Each month, we’ll be asking our NEC3 expert, Steven Evans, to tackle a specific problem put forward by one of our clients. This month he looks at an issue on the NEC3 ECC contract, is the Project Manager obliged to issue a certificate if the payment is zero?
At each assessment date, the Project Manager assesses the amount due (clause 50.1), which is the gross amount of the work done (the Price for Work Done to Date), along with other amounts to be retained from or paid to the Contractor (clause 50.1). There is no obligation under those clauses to communicate the PM’s assessment to the Contractor or the Employer.
Clause 50.4 requires the PM to take account of any application for payment made by the Contractor; the remainder of that clause requires the Project Manager to communicate the details of his assessment to the Contractor. It is unclear whether that obligation applies only in circumstances where the Contractor has made an application, but even if it applies in all circumstances, there is no obligation to inform the Employer of the amount assessed.

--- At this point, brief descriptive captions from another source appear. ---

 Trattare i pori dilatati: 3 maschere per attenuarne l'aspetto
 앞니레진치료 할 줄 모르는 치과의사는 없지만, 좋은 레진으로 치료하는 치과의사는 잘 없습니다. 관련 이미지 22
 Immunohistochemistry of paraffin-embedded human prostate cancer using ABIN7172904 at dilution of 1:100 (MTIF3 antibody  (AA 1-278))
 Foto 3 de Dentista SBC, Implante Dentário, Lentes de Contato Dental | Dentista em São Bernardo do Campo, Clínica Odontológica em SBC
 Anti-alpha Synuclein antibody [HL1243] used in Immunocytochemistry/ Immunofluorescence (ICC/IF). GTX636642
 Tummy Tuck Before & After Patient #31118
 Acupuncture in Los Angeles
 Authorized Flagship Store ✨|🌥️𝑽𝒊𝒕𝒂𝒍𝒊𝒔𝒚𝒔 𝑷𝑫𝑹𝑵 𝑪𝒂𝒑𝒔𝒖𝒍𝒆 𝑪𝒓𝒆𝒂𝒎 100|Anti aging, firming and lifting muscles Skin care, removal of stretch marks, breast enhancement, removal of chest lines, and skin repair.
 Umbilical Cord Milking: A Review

Within one week of the assessment date, the PM certifies a payment (clause 51.1). As ‘payment’ suggests a sum of money is to be transferred from one party to another, the obligation appears to not apply to zero amounts.
But is that the case?
Firstly, the next part of clause 51.1 effectively defines what a payment is; the first payment is the amount due and later payments are the change in the amount due since the last certificate. Setting aside the first payment, we can replace the first part of clause 51.1 with: the Project Manager certifies the change in the amount due since the last certificate. Now it seems clearer; the PM certifies whether the payment is positive, zero or negative, as he is required to certify the change.
Secondly, no-where in section 50 is the PM required to inform the Employer of the amount due. For that, we must turn to clause 13.6 which requires the PM to issue any certificate to the Contractor and the Employer. Accordingly, it is only by way of the certificate that the Employer is informed of the outcome of the PM’s assessments. On that basis, the certificate must be issued for every assessment.

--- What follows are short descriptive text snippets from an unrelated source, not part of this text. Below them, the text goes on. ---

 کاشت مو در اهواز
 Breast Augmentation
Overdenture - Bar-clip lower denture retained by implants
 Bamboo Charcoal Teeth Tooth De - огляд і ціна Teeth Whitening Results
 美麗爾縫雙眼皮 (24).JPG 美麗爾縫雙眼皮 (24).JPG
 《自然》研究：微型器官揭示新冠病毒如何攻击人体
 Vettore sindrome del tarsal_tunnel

Thirdly, the remainder of clause 51.1 also assists wherein it refers to a payment being made by the Contractor to the Employer if the change reduces the amount due and vice versa for ‘other payments’. If ‘other payments’ was limited only to increases in the amount due, then presumably the Contract would say that. By its reference to ‘other payments’ suggests there is more than one, i.e. a payment of zero or an increase in the amount due.
Finally, clause 51.3 provides for interest payment if an amount due is corrected in a later certificate. In those circumstances, the interest period runs from the date of the incorrect certificate to the date of the certificate making the correction. On that basis, if a previously assessed payment of zero was later found to be incorrect, then the Contractor would be deprived of his claim of interest if a zero certificate had not been issued.
So, to answer the question, the PM is obliged to issue a certificate, even if the payment is zero.
A footnote, in countries where payments are regulated by statute (such as the UK by way of the Housing Grants, Construction and Regeneration Act 1996, as amended), the PM may well be compelled to issue a certificate in any event.